Today, however, the Armenian case remains controversial in a way that the Holocaust, outside the fevered confines of the Arab world, does not. Like every one of its predecessors since the rise of modern Turkey, the current government in Ankara vehemently rejects the charge of genocide, and has exerted strong diplomatic pressure against any attempt by outsiders to place the events of World War I in a class with Hitler’s Final Solution. In this, the Turks have been seconded not just by pro- Turkish apologists but by a number of respected historians, including, most notably, Bernard Lewis, the dean of American Orientalists and an expert on Turkey.

Against this view is the great tide of world opinion, from the official proclamations of various governments and religious bodies to the declared consensus of the International Association of Genocide Scholars. Indeed, so strong is sentiment on this question that even now, nearly a century after the fact, the issue continues to color Turkey’s dealings with other nations. On September 29, the European parliament in Strasbourg adopted a resolution demanding that, as a condition of admission to the European Union, Turkey acknowledge the mass killing of its Armenians during World War I as an instance of genocide. And even beyond the issue of what happened in 1915-16 and its relevance to Turkey’s political situation today, the Armenian case continues to occupy a place of precedence in the litany of all subsequent instances of mass murder and “ethnic cleansing,” including most recently the killings in Bosnia, Kosovo, and Rwanda in the 1990’s and those in Sudan today.

No one, it should be stressed, disputes the extent of Armenian suffering at the hands of the Turks.

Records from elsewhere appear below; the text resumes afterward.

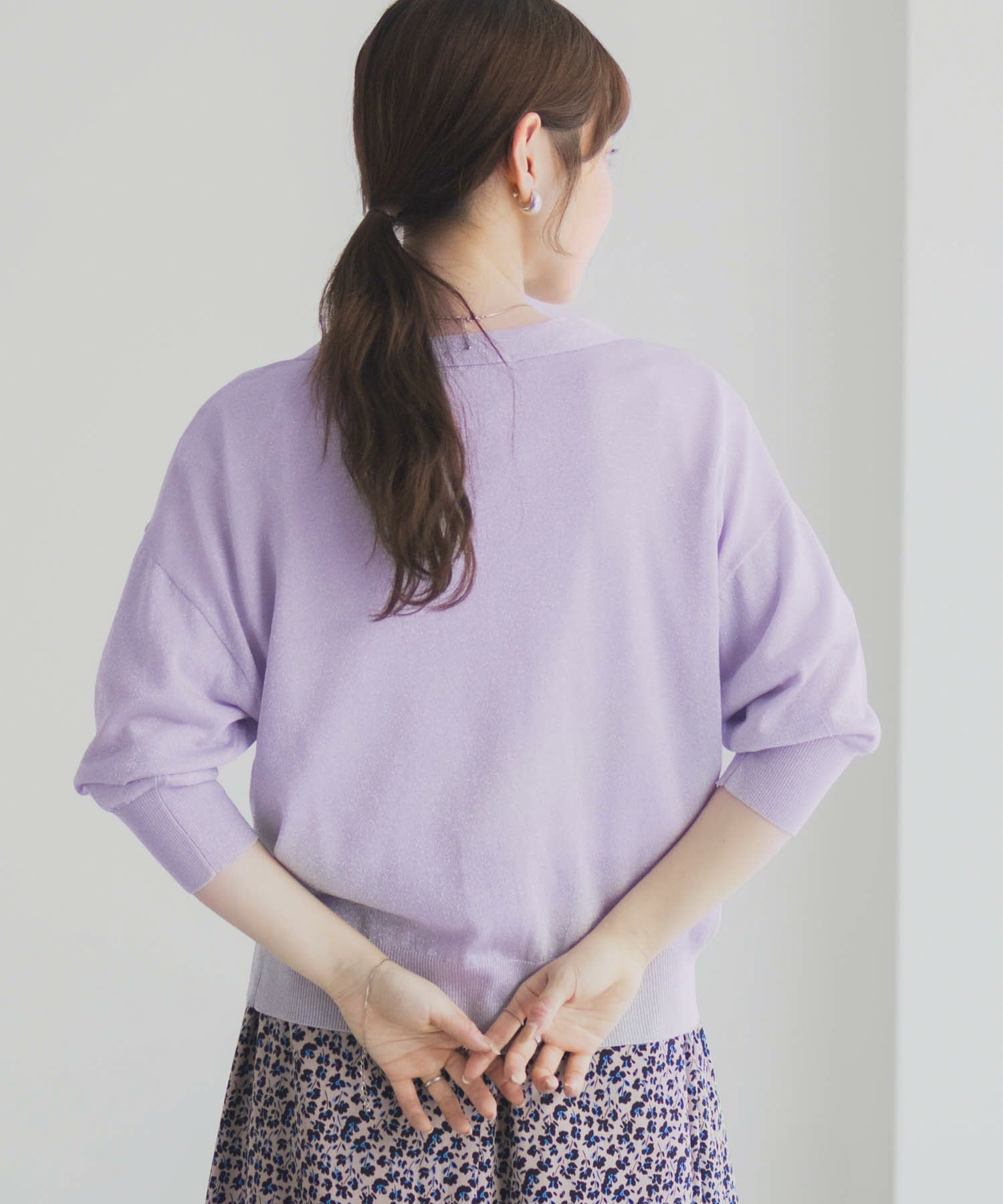 [さらに50%OFF]Idnes ラメVネックカーディガン レディース商品サムネイル-19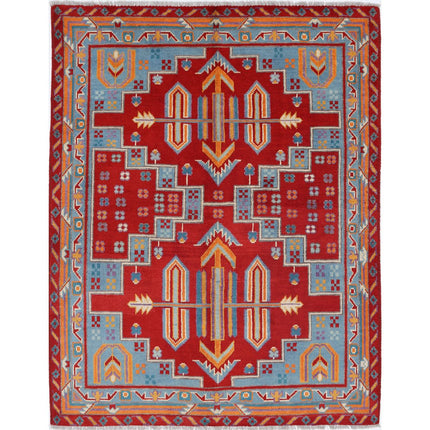 Revival Wool Hand Knotted Rug IVA0016267 - Natalia Rugs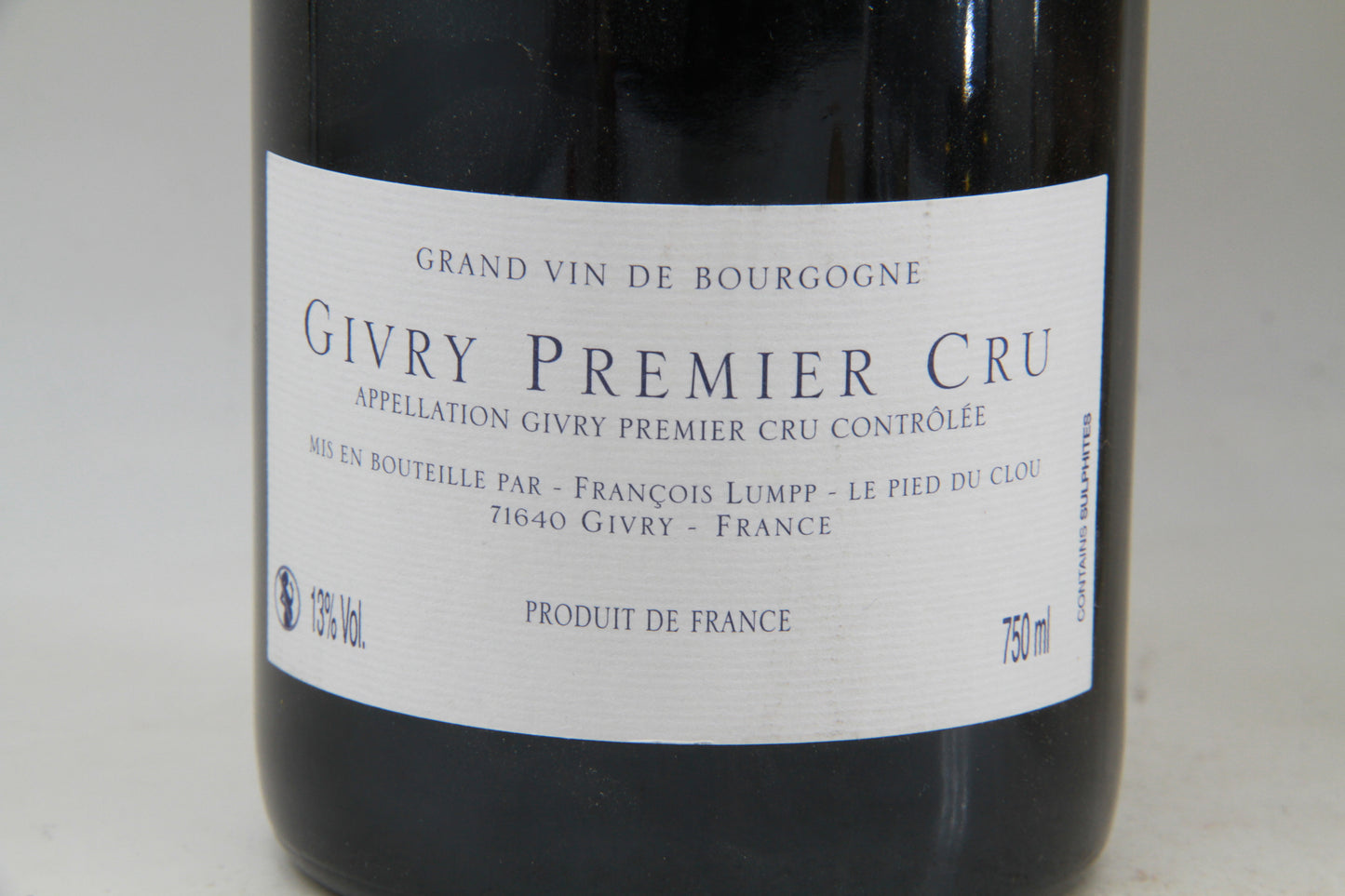 -Givry 1er Cru " La Brulée " **2013** Domaine Francois Lumpp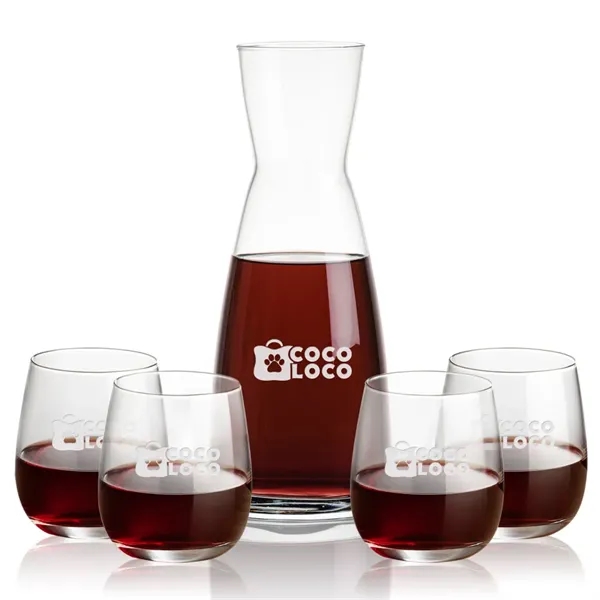 The Winchester Carafe & Crestview Stemless Wine is a brilliant set... from ASI 84592 St Regis Group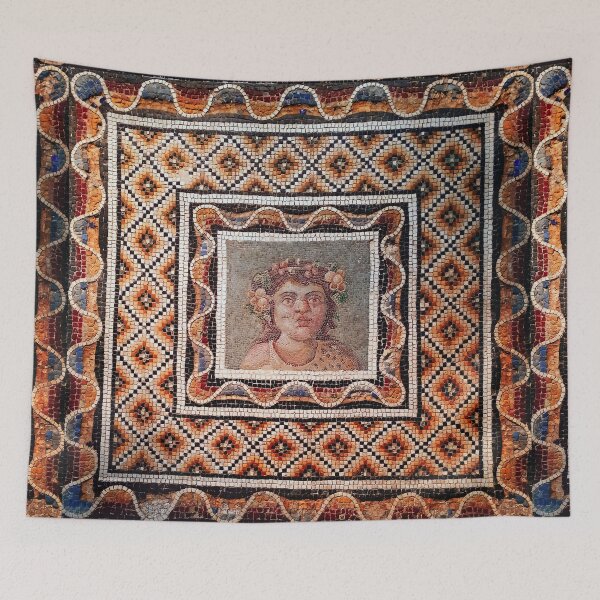 Item preview, ANTIQUE ROMAN MOSAICS Dionysos Portrait designed and sold by BulganLumini.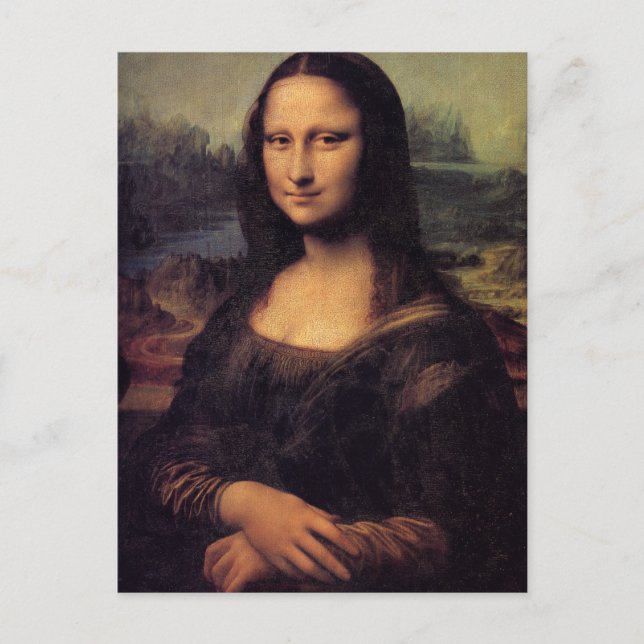 Postal Mona Lisa (Anverso)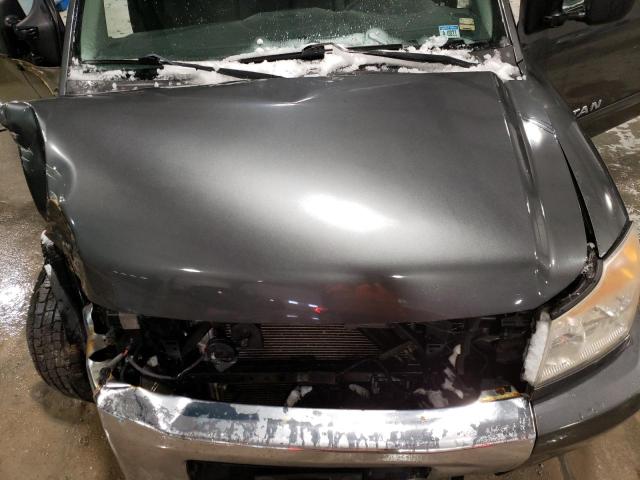 1N6BA07C68N316357 - 2008 NISSAN TITAN XE GRAY photo 11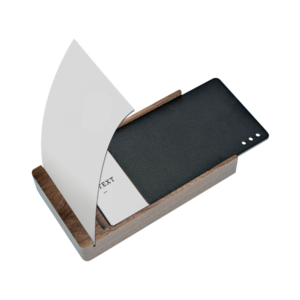 samdi sticky note to do list holder (walnut)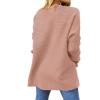 imageANRABESS Women 2024 Casual Oversized Long Batwing Sleeve Crewneck Spilt High Low Knit Tunic Pullover Sweater Trendy OutfitsPink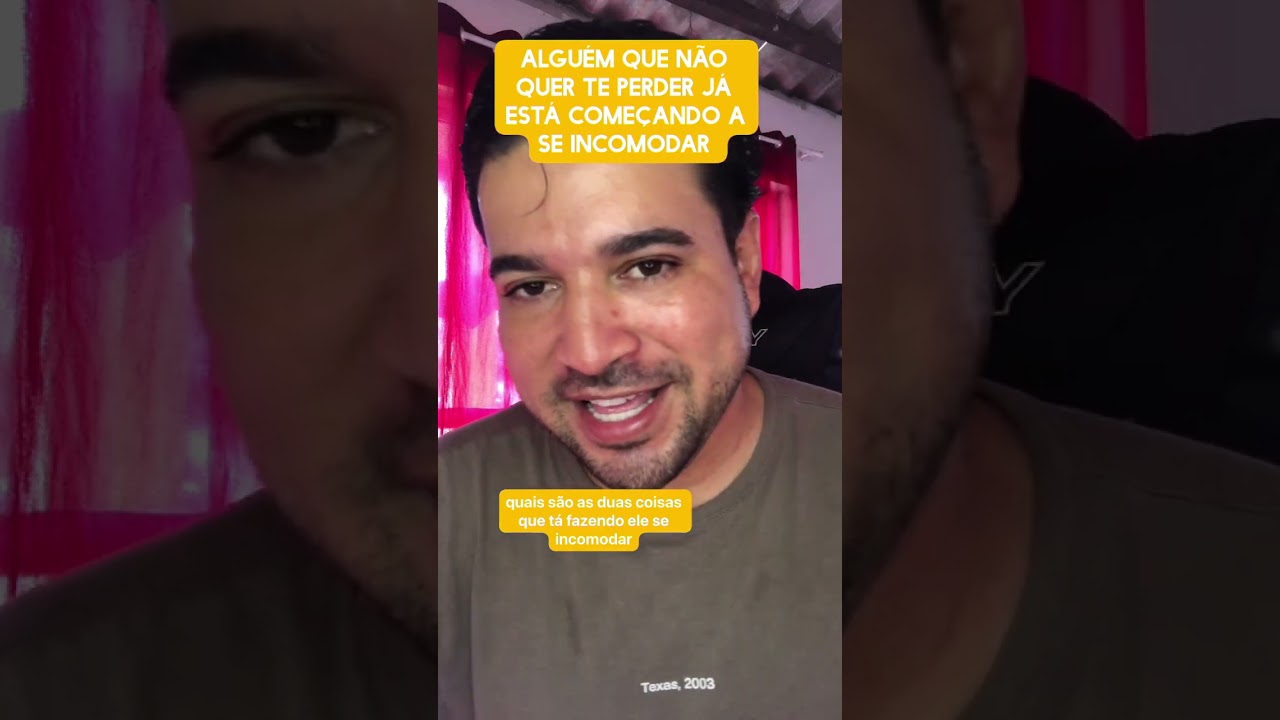 Alguém que não quer te perder já está começando a se incomodar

With little or no notice, the Ottoman government forced Armenian men, women, and children to

leave their historic communities; during the subsequent harrowing trek over mountains and through deserts, large numbers of them died of starvation and disease, or were murdered. Although the absence of good statistics on the size of the pre-war Armenian population in Turkey makes it impossible to establish the true extent of the loss of life, reliable estimates put the number of deaths at more than 650,000, or around 40 percent of a total Armenian population of 1.75 million.

The historical question at issue is premeditation that is, whether the Turkish regime intentionally

organized the annihilation of its Armenian minority. According to the Genocide Convention of 1948, such an intent to destroy a group is a necessary condition of genocide; most other definitions of this crime of crimes similarly insist upon the centrality of malicious intent. Hence the crucial problem to be addressed is not the huge loss of life in and of itself but rather whether the Turkish government deliberately sought the deaths that we know to have occurred.

The Armenians have lived in the southern Caucasus, between the Black Sea and the Caspian Sea, since ancient times. In the early 4th century c.e., they were the first nation to adopt Christianity as a state religion. Much of their long history, however, has been spent under foreign rule. The last independent Armenian state (before the present-day, post-Soviet Republic of Armenia) fell in 1375, and by the early 16th century most Armenians were subjects of the Ottoman Empire. Under the millet system instituted by Sultan Mohammed II (1451-1481), they enjoyed religious, cultural, and social autonomy as a “loyal community,” a status that lasted well into the 19th century.

Though large numbers of Armenians settled in Constantinople and in other Ottoman towns, where they prospered as merchants, bankers, and artisans, the majority continued to live as peasants in eastern Anatolia. During the autocratic rule of Abdul Hamid II (1876-1909), the lot of the Armenians deteriorated, and nationalistic sentiment began to emerge. In June 1890, Armenian students in the Russian-controlled area of the Caucasus organized the Armenian Revolutionary Federation. Demanding the political and economic emancipation of Turkish Armenia, the Dashnaks (as they were known) waged guerrilla warfare against Turkish army units, gendarmerie posts, and Kurdish villages involved in attacks on Armenians. They operated from bases in the Caucasus and Persia and took advantage of eastern Anatolia’s mountainous terrain.